I use these in some of my current research code. I have a spider that makes web requests and saves the results. This spider needs to be able to run against multiple backends, and each backend has a different set of requests and data types. They all have Nodes, but the requests for nodes differ from backend to backend. Abstracting the spider into its own component allows me to quickly write new backends just by specifying the requests with their post-processing/storage capabilities.

The type of a request with its storage (called an InfoNeed) looks something like this:

trait InfoNeed {
type DataType
/** Get the web request to fetch data */
def request: WebRequest[DataType]
/** Get the neighbors from some fetched data */
def neighbors(data: DataType): Traversable[Node]
/** Save the data to the data store. */
def save(store: DataStore, data: DataType)
}

Different backends can have wildly different request structures, so long as they can specify needs that have a request to fetch the data, a way to extract new neighbors, and a way to save the data appropriately in the data storage backend.

Now, a piece of the spider code (vastly simplified) looks about like this:

def fetch[T](req: WebRequest[T]): Result[T]
def process(need: Need) {
val req = need.request
val res = fetch(req)
// now we save the data
res match {
case Good(data) => need.save(store, data)
/* error cases */
}
}

The variable res is of type Result[need.DataType]; its type is dependent on a type carried in the value of the parameter need.

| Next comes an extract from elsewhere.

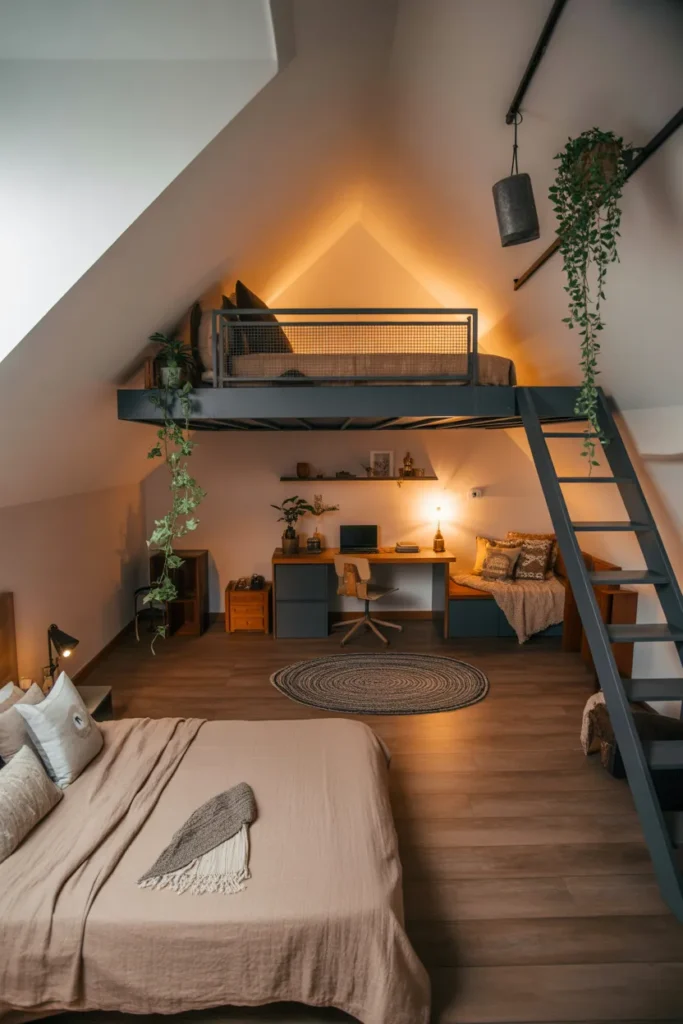 Multi-Functional Loft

As a result, Scala statically type-checks that the need’s save method receives the same type of data as it retrieves in with its request, without the surrounding spider code having any knowledge of what type that data might have (because the DataType type is fully abstract).

I can type-check safe flow of arbitrary data through the process function, knowing nothing about the data but only that the type is the same and carried through properly. That is very, very cool.

OCaml allows a similar thing with its first-class modules, but they tend to carry around some more syntactic baggage in my experience.